Former Dey Krahorm residents wait outside the Phnom Penh Municipal Court on Wednesday.
PHNOM Penh's Municipal Court on Monday is to rule on charges of inciting destruction of property filed by private developer 7NG against representatives of the Dey Krahorm shanty community it evicted last month, presiding judge Chey Sovann said Wednesday after a three-hour hearing.
7NG and the municipality late last month launched a blitz eviction of the scores of families remaining in the 3.6-hectare community who had declined compensation ranging from a relocation home to US$20,000 offered to them by 7NG. The company says it will develop the site into luxury office buildings.
The charges stem from an incident in December 2007, in which residents allegedly destroyed a 7NG excavator and injured its driver after the vehicle was brought into the area late at night.
Chan Vichet, Ly Yuleng and Bun Thoeun were accused of inciting violence by residents, who after the incident said they had feared a rapid, unnacounced eviction.
Ly Yuleng denied the machine was damaged or that she or the other accused had encouraged residents to use violence.
"People were just protecting their homes," she said.
Chan Vichet said that during the incident he appealed to residents over a loudspeaker to keep their calm but that the implications of the late-night arrival of the large machine were too strong for residents to dismiss.

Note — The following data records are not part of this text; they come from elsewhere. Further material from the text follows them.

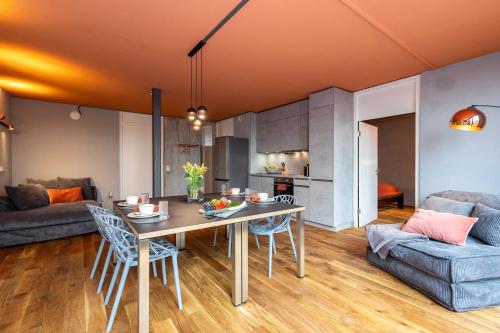 a kitchen and living room with a table and chairs at 3-Zi-Wohlfühl-Oase „Down2Earth“ in Leonberg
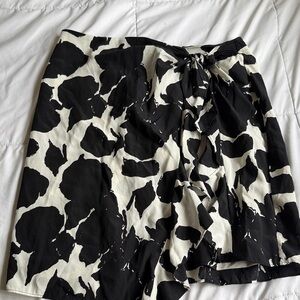 Black and White Patterned Skirt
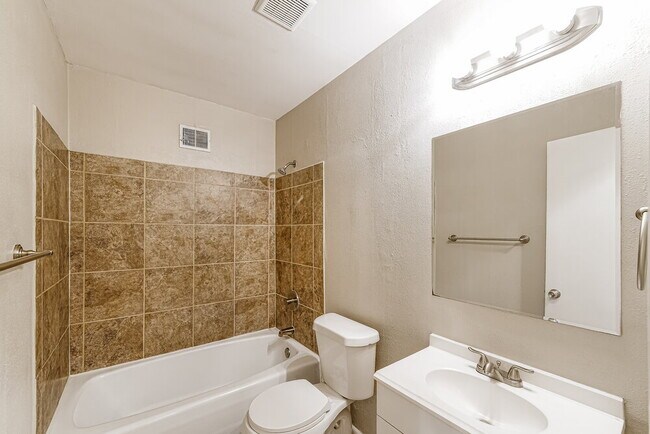 Building Photo - 120 Von Dale Dr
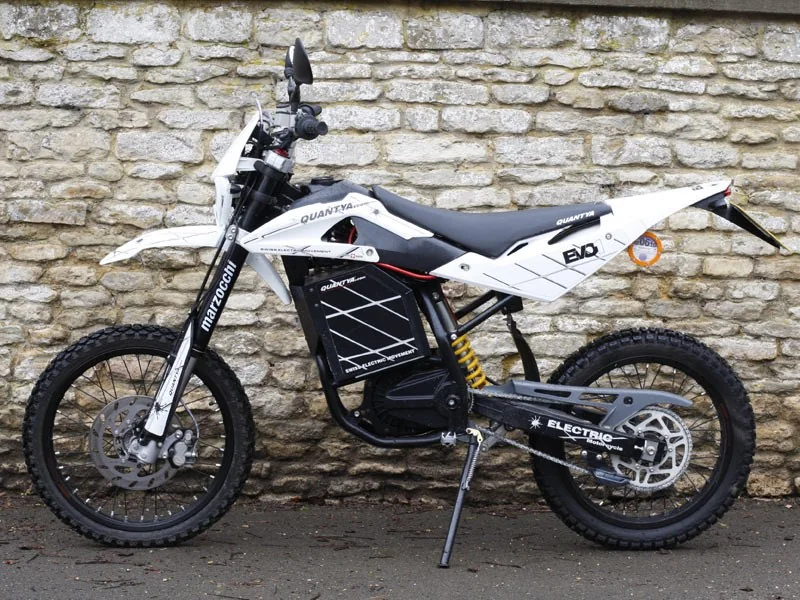 Evo1 Track QuantayaParx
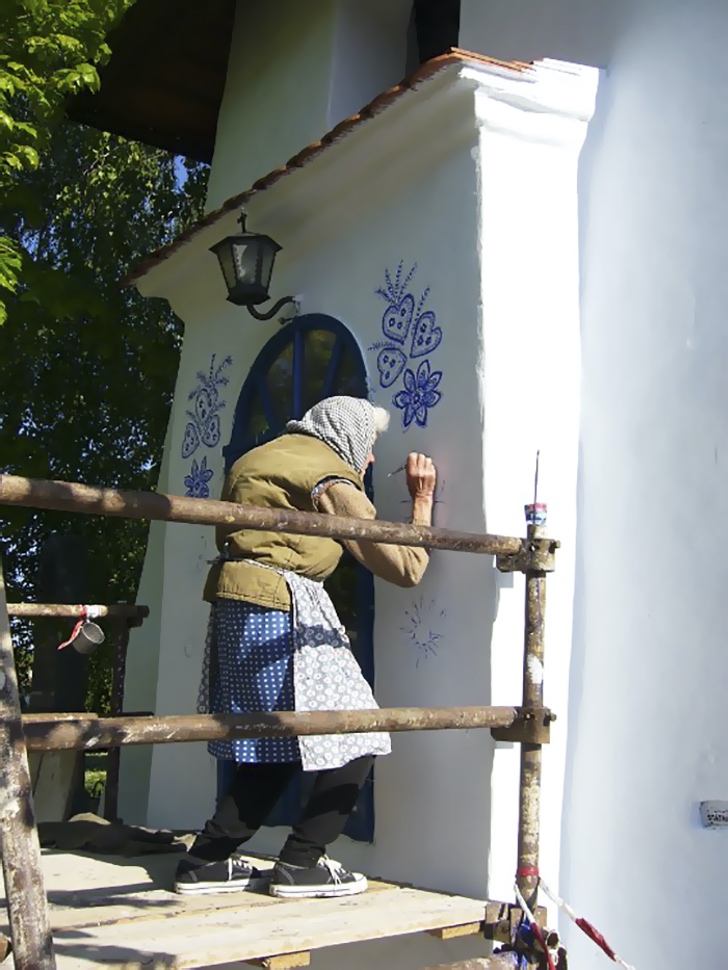 sabervivermais.com - Idoso de 90 anos transforma sua pequena vila em uma linda obra de arte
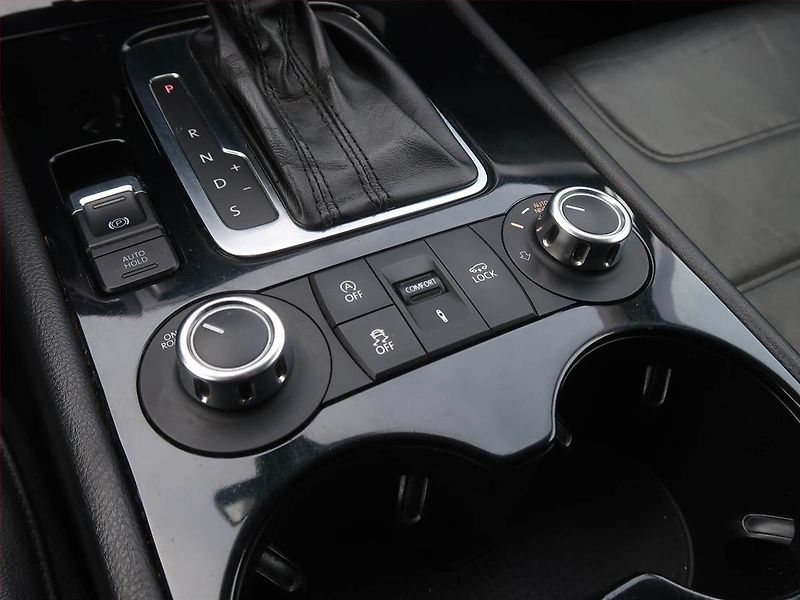 Volkswagen Touareg (2011) 3.0 TDI, 4X4, Automat - fotka 16 z 16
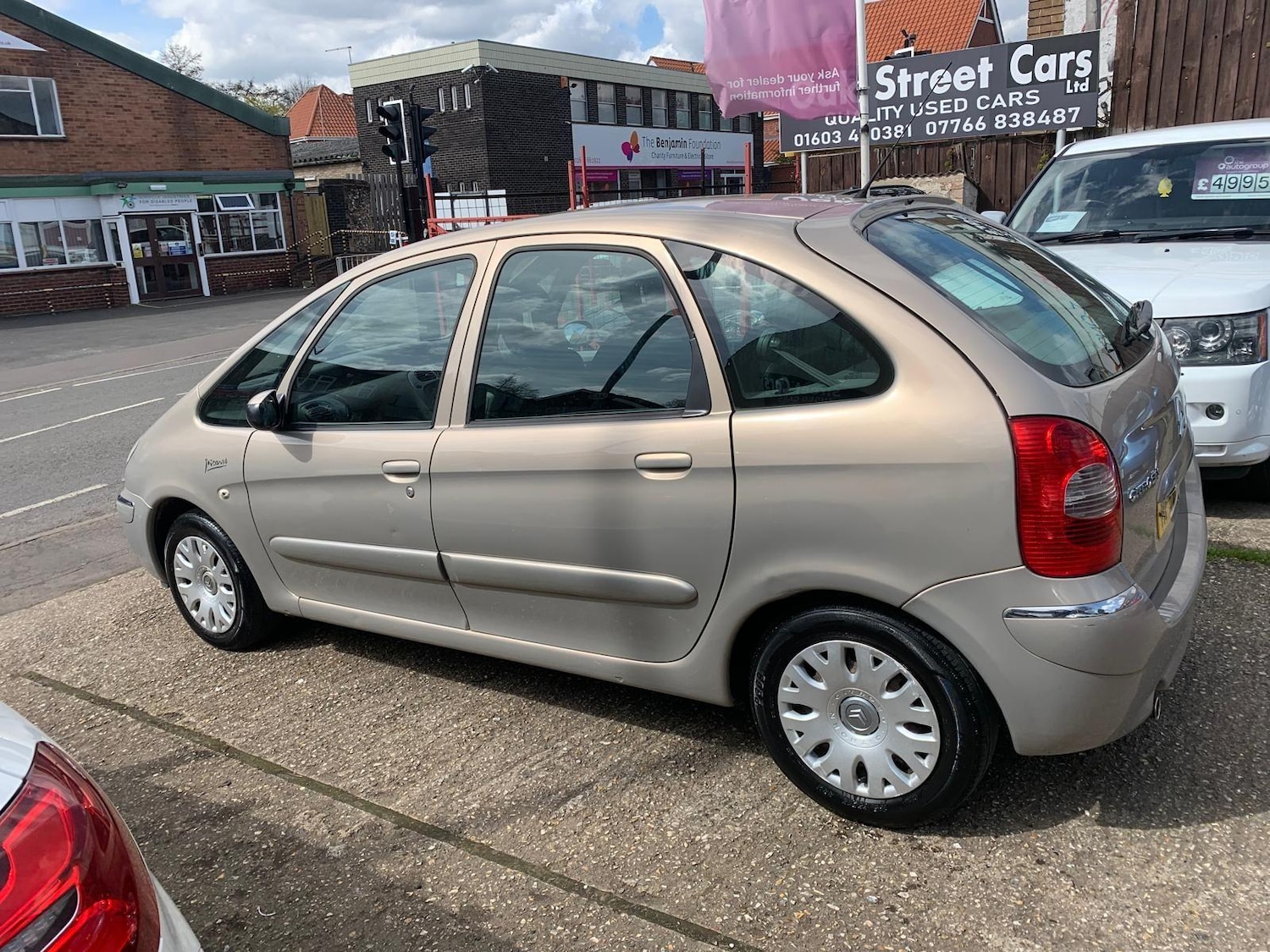 Vehicle 4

After the hearing Wednesday, Sann Sokunthea, one of three lawyers provided to the defendants by the rights group Licadho, said the charges were baseless.
She said court officials received the police report before the incident even took place.
Plong Sophal, a lawyer for 7NG, told the court the charges were supported by eyewitness testimony from 17 people, although he did not produce any witnesses in court.
The court read testimony from the 7NG worker, Ing Va, who said as many as 300 residents threw stones at him and attacked the excavator he was driving.
Wednesday’s hearing was the third, and apparently last, time the court would convene for the case.